Ernest Hemingway was born in 1899. His father was a doctor and he was the second of six children. Their home was at Oak Park, a Chicago suburb.
In 1917, Hemingway joined the Kansas City Star as a cub reporter. The following year, he volunteered as an ambulance driver on the Italian front, where he was badly wounded but decorated for his services. He returned to America in 1919, and married in 1921. In 1922, he reported on the Greco-Turkish war before resigning from journalism to devote himself to fiction. He settled in Paris where he renewed his earlier friendships with such fellow-American expatriates as Ezra Pound and Gertrude Stein. Their encouragement and criticism were to play a valuable part in the formation of his style.

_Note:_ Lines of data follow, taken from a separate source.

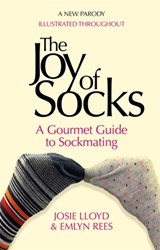The Joy of Socks: A Gourmet Guide to Sockmating - Emlyn Rees ; Josie Lloyd - 9781472125309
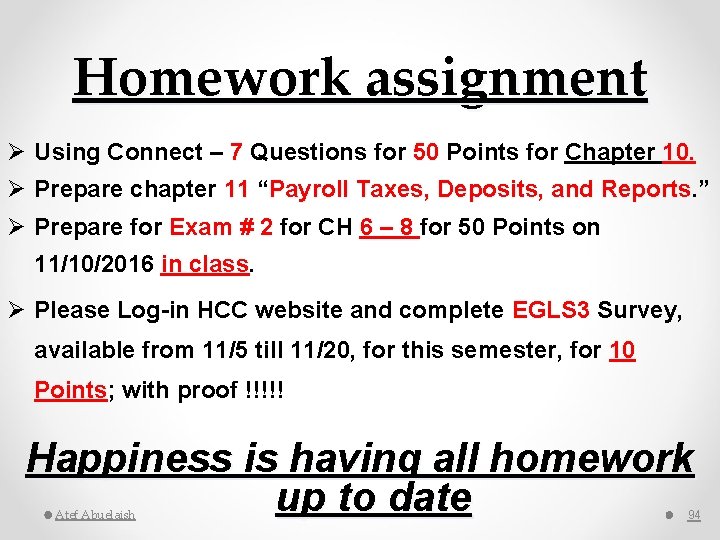 Homework assignment Ø Using Connect – 7 Questions for 50 Points for Chapter 10.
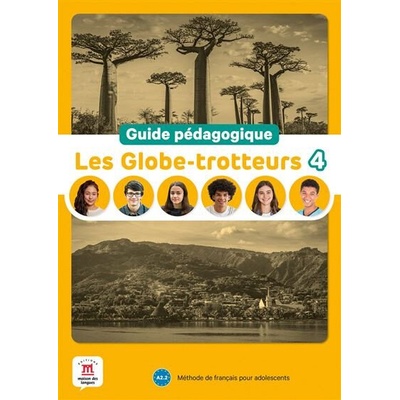 Les Globe-Trotteurs 4 (A2.2) - Guide pédagogique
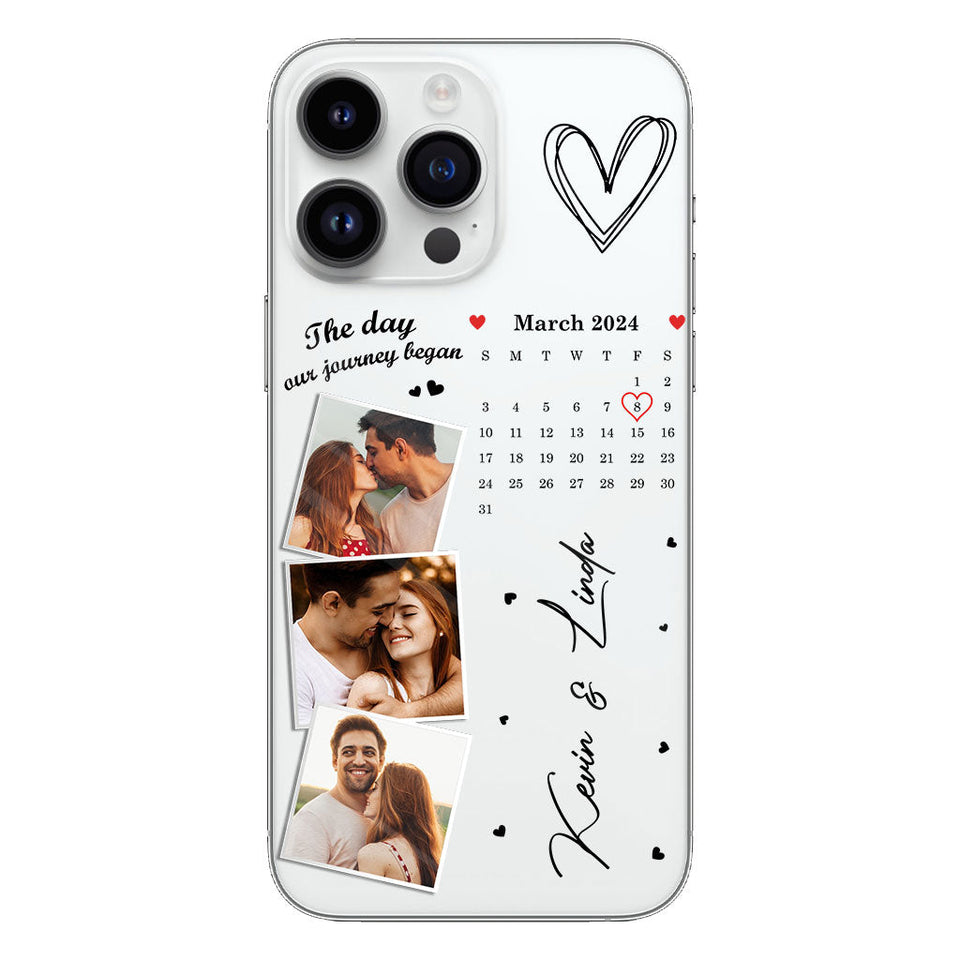 The Day Our Journey Began Photos & Calendar Custom - Personalized Couple Clear Phone Case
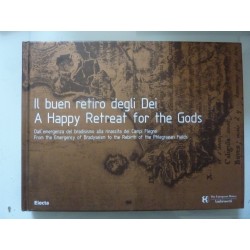 IL BUEN RETIRO DEGLI DEI - A HAPPY REATREAT FOR THE GOODS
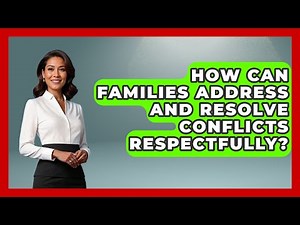 How Can Families Address and Resolve Conflicts Respectfully? | Better Family Relationships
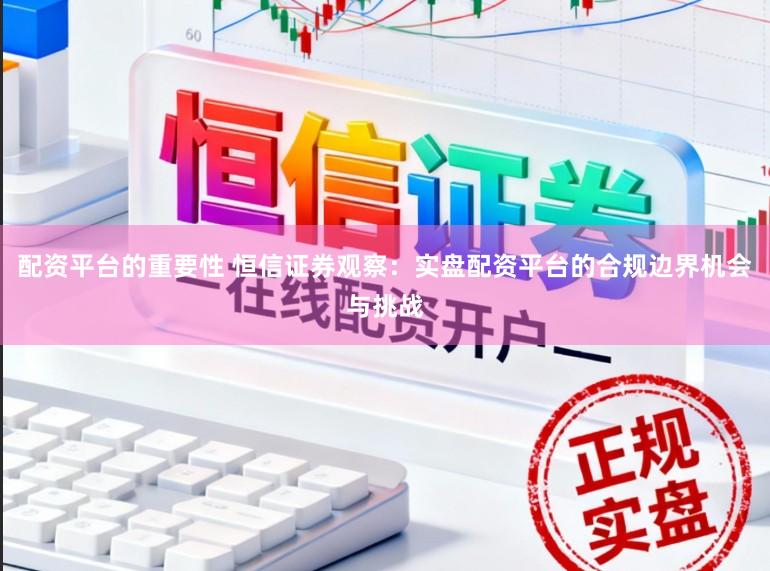 配资平台的重要性 恒信证券观察：实盘配资平台的合规边界机会与挑战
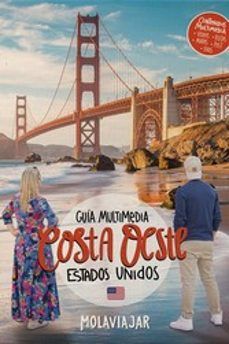 GUÍA MULTIMEDIA COSTA OESTE ESTADOS UNIDOS (MOLAVIAJAR)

Hemingway's first two published works were Three Stories and Ten Poems and In Our Time but it was the satirical novel, The Torrents of Spring, that established his name more widely. His international reputation was firmly secured by his next three books; Fiesta, Men Without Women and A Farewell to Arms.
He was passionately involved with bullfighting, big-game hunting and deep-sea fishing and his writing reflected this. He visited Spain during the Civil War and described his experiences in the bestseller, For Whom the Bell Tolls.
His direct and deceptively simple style of writing spawned generations of imitators but no equals. Recognition of his position in contemporary literature came in 1954 when he was awarded the Nobel Prize for Literature, following the publication of The Old Man and the Sea. He died in 1961.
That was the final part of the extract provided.